Durch Spenden der Mitglieder - in Form von Geld oder auch Vieh und Getreide - sowie durch Vermächtnisse verstorbener Mitglieder brachten es die Bruderschaften auf beträchtliche Einnahmen. Das Kapital wurde vor allem für Messen, Kerzen, Prozessionsgegenstände oder liturgische Gewänder ausgegeben, aber auch an Bedürftige verteilt oder als Kredit mit niedrigem Zinssatz an Mitglieder vergeben. Jede Vereinigung wählte einen Brudermeister, der über die jährlichen Einnahmen und Ausgaben Buch führte und am Ende einer Rechnungsperiode vor der weltlichen und geistlichen Obrigkeit die Bruderschaftsrechnung vorlegte. Der hier vorgestellte Rechnungsauszug der 1667 gegründeten St.-Sebastians-Bruderschaft in Gais aus dem Bestand „Kirchenrechnungen des Tauferer Tales und Ahrntales, von Salurn und Brixen" stammt aus dem Rechnungsbuch der Bruderschaft, in dem die jährlichen Rechnungen von 1669 bis 1689 verzeichnet sind. Wie die St.-Sebastians-Bruderschaft wurden im 17. und 18. Jahrhundert zahllose weitere Bruderschaften gegründet.
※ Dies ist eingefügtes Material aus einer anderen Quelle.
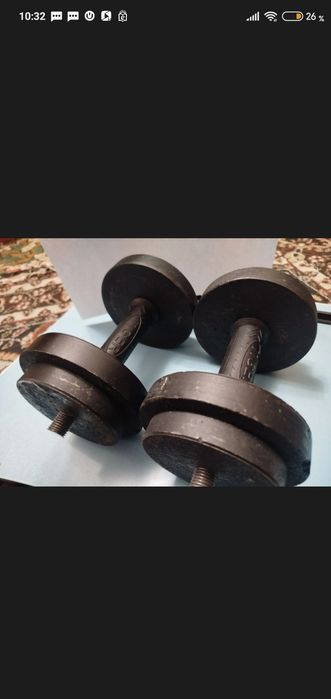 Gantel yangi 10 kg garantiya 1 yil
Mit Dekret vom 24. November 1783 aber wurden im Zuge der josephinischen Reformen alle Bruderschaften aufgelöst oder in eine einzige mit dem Namen „Von der christlichen Nächstenliebe" einverleibt. Das gesamte Vermögen der Vereinigungen wurde eingezogen. Schon 1790 wurden die Reformen auf Grund des Unmuts der Bevölkerung teilweise rückggängig gemacht. Das Bruderschaftswesen erholte sich aber nur langsam, erst um die Mitte des 19. Jahrhunderts wurden wieder vermehrt Bruderschaften gegründet.